On the other hand, I love those freaking Yankees because I don't know that a team in the Braves' situation needs to throw $80 million and five years (Atlanta's reported best offer) at a 32-year-old pitcher who's thrown 200 innings just three times in his career. (Two of those coming in free agent walk years) $80 million is no big thing for the Yankees; should Burnett tank in New York, it will annoy the various Steinbrenners, but it'll be just that: an annoyance. With overflowing revenue streams pouring into the Bronx from the YES Network and a new Yankee Stadium, the Yankees can throw money around with only perfunctory thoughts given to the possible consequences. Ultimately, that's the difference between the Yankees and a team like the Braves: an AJ Burnett-sized mistake would cripple Atlanta for half a decade. It wouldn't faze the Yankees.
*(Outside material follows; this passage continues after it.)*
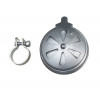 Luftfilter silber fr Simson SR1, SR2, SR2E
In that respect, the Braves got lucky here. Burnett's fragility is somewhat overstated, but there's no denying that he's a risk. It might be a risk worth taking if the Braves were one pitcher away from contention, but to repeat something I've written before, Atlanta is not Javier Vazquez and AJ Burnett away from competing with the Phillies and Mets. And I don't know that the Braves can count on Burnett being a big part of their next championship team.
According to Braves.com, Atlanta's rotation right now is Vasquez-Jair Jurrjens-Jorge Campillo-Jo Jo Reyes-Charlie Morton, with James Parr hoping to break in to that gang. Considering how bad Reyes and Morton were last year, it's probably not a good idea to rely on both of them. Slotting one veteran pitcher into the rotation behind Vazquez and Jurrjens would move Campillo to the fourth position and let the Parr/Morton/Reyes threesome battle it out in spring training. Wolf's not a particularly good pitcher, but on a one-year contract, there's no real harm bringing him into the fold.